▶ DESCRIPTION OF THE TASK: Pictures in the entries below are excluded; copy only the lines from the one containing "Perfumes de Clamy" to the one containing "Charming House With Garden *", both included.

▶ EXERCISE DATA:

——————

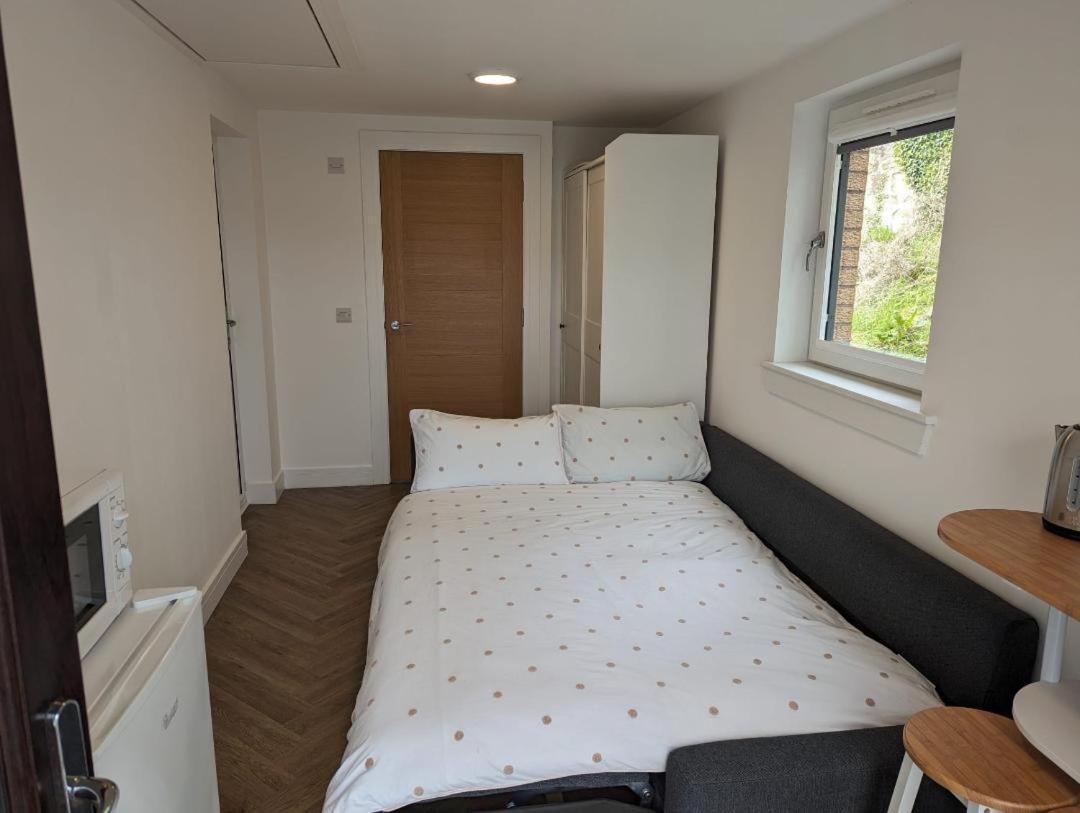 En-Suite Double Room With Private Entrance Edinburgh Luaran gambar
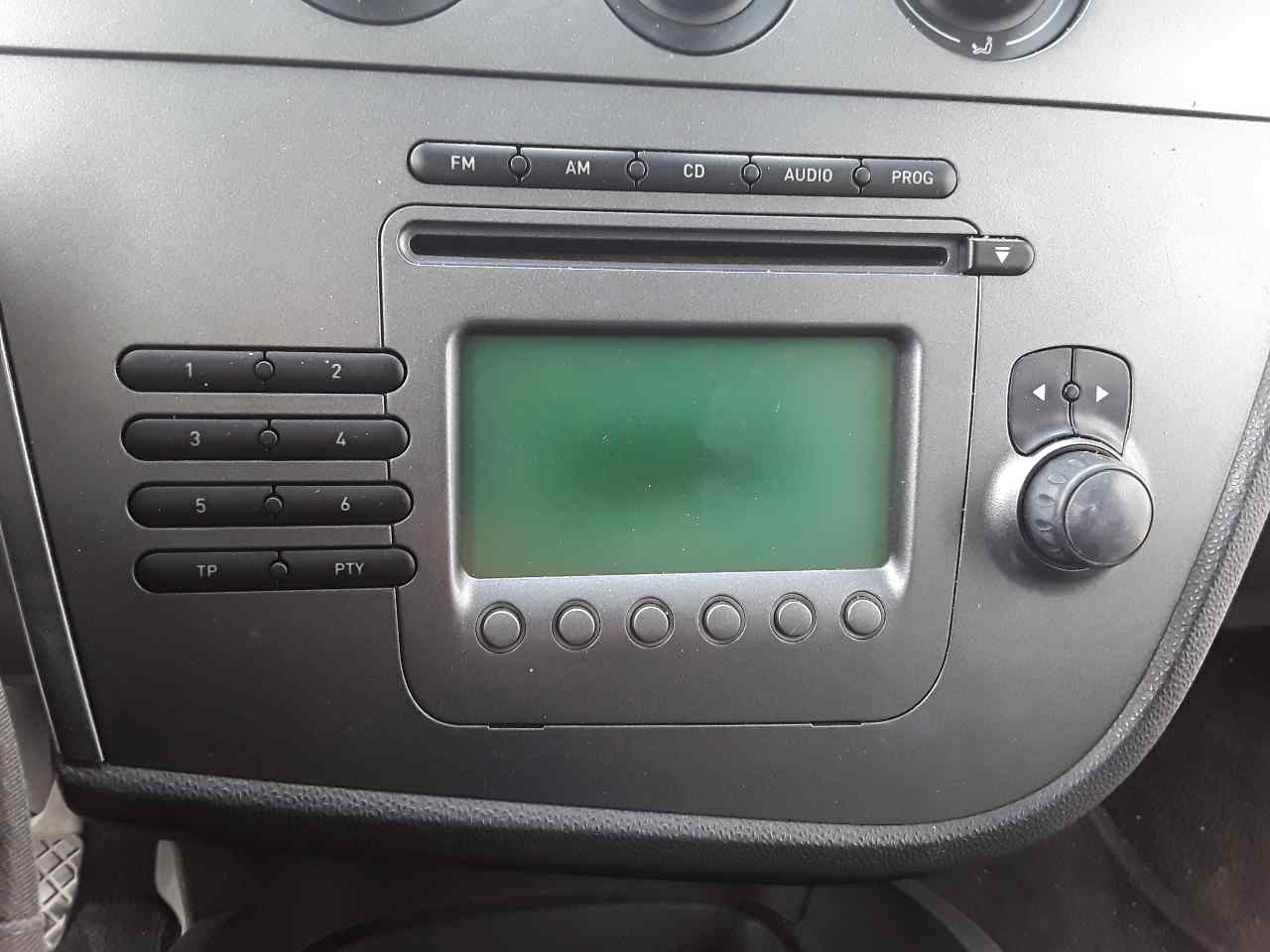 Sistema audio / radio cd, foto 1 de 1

——————

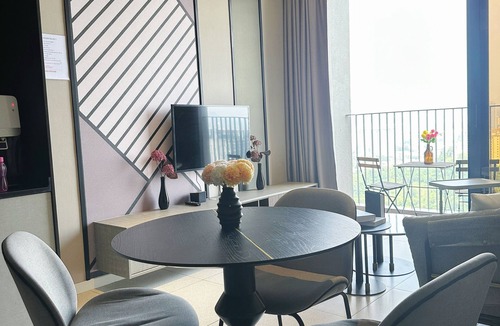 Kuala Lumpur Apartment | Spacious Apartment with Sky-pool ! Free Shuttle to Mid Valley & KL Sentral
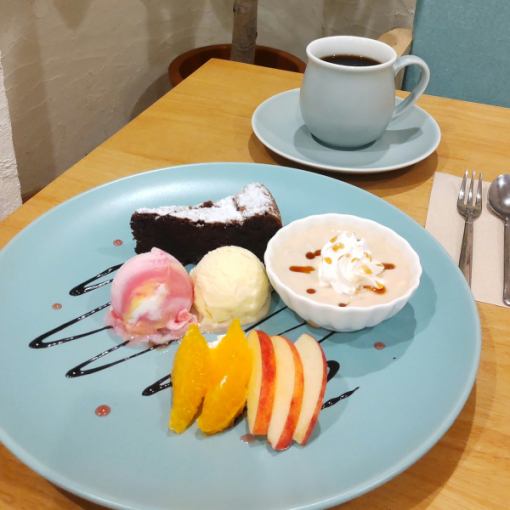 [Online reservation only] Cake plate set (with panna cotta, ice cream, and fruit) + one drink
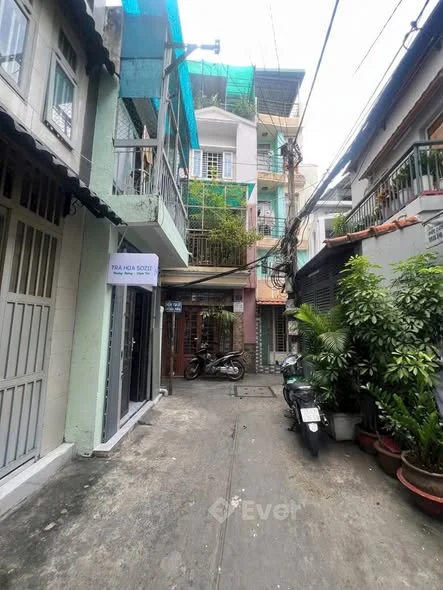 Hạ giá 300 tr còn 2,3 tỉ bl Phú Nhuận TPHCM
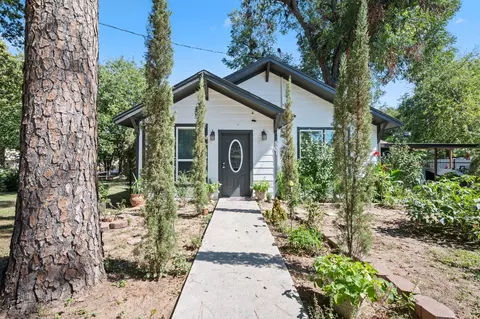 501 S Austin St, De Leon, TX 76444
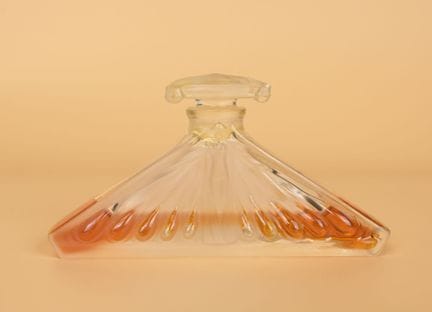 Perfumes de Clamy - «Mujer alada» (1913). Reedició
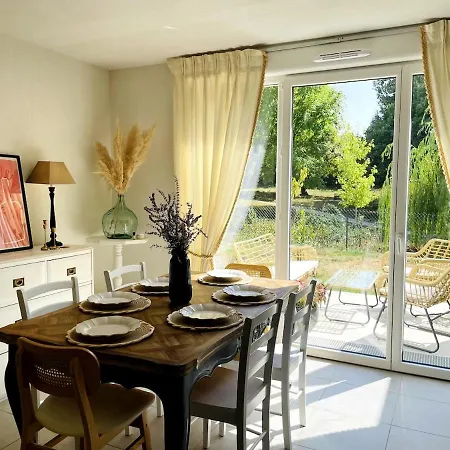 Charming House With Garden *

——————

▶ FINISHED EXERCISE:
 Perfumes de Clamy - «Mujer alada» (1913). Reedició
 Charming House With Garden *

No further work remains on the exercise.